_DATA IN THIS EXERCISE:_
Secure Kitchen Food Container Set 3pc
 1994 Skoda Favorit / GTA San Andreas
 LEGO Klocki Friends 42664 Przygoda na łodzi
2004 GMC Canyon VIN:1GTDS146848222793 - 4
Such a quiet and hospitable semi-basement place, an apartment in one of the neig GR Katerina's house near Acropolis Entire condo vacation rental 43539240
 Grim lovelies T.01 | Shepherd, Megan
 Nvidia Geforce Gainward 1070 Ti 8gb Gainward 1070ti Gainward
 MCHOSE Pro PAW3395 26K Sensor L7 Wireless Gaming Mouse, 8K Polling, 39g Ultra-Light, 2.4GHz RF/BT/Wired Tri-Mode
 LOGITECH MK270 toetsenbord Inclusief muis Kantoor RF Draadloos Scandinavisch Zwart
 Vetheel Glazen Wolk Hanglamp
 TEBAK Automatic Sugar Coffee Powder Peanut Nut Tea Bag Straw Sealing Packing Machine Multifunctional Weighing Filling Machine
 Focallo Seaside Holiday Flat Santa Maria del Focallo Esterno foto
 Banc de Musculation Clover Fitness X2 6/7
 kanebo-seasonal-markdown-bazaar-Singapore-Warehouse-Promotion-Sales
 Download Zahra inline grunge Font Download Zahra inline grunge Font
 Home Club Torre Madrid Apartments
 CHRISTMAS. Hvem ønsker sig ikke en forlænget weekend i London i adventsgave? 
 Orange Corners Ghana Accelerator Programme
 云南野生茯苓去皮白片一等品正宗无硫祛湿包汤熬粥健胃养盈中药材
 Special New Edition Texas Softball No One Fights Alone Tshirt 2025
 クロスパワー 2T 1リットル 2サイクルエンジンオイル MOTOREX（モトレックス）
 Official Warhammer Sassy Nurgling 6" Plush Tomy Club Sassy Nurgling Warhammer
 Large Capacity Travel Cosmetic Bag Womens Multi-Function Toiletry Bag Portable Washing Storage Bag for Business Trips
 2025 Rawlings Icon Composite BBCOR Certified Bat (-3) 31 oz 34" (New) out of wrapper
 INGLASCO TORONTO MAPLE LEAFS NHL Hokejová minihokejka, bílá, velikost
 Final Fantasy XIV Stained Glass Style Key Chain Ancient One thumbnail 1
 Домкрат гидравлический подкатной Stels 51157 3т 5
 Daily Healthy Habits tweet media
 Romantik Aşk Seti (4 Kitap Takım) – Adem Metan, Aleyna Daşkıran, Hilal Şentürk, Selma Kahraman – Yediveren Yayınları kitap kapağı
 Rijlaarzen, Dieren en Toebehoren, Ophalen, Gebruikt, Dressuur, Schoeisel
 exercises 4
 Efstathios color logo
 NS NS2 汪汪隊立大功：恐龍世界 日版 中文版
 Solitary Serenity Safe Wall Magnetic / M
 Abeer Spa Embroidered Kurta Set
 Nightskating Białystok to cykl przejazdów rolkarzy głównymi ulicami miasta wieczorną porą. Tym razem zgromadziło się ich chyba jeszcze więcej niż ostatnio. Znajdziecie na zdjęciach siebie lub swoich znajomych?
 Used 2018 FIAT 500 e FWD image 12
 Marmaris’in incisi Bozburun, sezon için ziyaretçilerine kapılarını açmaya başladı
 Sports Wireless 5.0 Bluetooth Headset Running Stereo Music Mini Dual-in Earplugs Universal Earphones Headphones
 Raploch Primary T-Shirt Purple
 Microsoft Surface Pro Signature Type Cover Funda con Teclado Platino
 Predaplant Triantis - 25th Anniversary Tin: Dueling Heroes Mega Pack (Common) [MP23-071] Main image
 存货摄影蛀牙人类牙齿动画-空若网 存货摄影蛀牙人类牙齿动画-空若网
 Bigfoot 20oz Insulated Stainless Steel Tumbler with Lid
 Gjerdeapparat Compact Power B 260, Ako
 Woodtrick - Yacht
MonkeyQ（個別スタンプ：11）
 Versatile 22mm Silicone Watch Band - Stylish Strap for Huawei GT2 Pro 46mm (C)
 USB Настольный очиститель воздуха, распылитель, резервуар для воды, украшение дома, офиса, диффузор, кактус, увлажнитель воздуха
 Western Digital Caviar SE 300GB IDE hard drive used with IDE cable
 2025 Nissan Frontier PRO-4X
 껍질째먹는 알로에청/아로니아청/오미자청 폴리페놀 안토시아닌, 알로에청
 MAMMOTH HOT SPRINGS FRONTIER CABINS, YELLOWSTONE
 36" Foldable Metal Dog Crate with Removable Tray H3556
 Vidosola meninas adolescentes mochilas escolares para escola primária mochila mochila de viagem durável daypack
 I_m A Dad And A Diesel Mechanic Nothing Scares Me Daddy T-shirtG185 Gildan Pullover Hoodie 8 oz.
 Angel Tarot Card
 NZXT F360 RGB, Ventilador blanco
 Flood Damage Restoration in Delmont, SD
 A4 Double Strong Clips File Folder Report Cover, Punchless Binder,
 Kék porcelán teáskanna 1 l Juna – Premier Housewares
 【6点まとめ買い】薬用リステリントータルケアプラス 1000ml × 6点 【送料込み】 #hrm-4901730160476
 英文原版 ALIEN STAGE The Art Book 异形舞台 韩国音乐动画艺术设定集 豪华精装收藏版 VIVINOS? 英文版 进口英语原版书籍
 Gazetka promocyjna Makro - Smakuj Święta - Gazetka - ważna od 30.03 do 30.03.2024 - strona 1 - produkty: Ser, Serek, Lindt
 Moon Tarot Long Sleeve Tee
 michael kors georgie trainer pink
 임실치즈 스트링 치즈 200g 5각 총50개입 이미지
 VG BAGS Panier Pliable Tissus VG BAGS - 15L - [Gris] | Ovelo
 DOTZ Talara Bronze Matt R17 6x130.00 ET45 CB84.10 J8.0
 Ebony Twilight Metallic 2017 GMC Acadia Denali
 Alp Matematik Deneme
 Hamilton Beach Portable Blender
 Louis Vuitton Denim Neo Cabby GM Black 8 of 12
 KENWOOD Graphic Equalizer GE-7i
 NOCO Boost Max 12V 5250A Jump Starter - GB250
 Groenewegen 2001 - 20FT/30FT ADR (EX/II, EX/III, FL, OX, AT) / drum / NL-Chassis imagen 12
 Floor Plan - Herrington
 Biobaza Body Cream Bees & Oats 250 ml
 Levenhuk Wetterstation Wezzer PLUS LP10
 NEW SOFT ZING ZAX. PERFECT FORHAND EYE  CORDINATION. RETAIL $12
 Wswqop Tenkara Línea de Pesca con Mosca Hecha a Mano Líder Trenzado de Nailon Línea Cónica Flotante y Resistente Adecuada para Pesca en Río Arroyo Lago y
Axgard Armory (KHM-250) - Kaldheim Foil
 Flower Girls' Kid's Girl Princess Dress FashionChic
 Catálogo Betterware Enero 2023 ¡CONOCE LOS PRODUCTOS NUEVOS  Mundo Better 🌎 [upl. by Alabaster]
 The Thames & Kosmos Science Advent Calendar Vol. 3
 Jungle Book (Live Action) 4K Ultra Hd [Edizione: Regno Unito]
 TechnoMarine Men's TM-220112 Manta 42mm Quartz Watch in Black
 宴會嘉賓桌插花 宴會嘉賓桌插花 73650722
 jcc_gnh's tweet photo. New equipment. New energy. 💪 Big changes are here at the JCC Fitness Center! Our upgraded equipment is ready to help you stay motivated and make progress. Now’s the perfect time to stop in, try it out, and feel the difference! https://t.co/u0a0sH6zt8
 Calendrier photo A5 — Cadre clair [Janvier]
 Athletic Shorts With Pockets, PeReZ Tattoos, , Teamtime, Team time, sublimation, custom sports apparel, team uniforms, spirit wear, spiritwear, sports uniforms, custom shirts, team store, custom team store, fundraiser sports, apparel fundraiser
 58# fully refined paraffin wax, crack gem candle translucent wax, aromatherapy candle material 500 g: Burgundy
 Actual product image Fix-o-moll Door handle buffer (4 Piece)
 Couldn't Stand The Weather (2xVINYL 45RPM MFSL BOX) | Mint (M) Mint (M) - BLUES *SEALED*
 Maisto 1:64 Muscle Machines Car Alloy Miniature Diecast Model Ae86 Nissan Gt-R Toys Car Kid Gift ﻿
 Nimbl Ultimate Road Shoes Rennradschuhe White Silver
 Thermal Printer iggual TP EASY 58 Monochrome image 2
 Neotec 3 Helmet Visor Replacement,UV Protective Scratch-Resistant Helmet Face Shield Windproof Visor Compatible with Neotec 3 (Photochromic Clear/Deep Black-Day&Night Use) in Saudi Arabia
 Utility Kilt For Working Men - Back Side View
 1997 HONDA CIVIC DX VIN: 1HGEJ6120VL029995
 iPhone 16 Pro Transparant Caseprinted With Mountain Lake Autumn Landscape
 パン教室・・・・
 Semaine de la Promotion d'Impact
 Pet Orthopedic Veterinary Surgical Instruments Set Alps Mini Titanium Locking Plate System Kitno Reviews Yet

_WORK REQUEST:_
Look above for the line holding "Microsoft Surface Pro". Print it and every line after it, exactly, through the line holding "Bigfoot 20oz Insulated".

_REPLY TO THE EXERCISE:_
 Microsoft Surface Pro Signature Type Cover Funda con Teclado Platino
 Predaplant Triantis - 25th Anniversary Tin: Dueling Heroes Mega Pack (Common) [MP23-071] Main image
 存货摄影蛀牙人类牙齿动画-空若网 存货摄影蛀牙人类牙齿动画-空若网
 Bigfoot 20oz Insulated Stainless Steel Tumbler with Lid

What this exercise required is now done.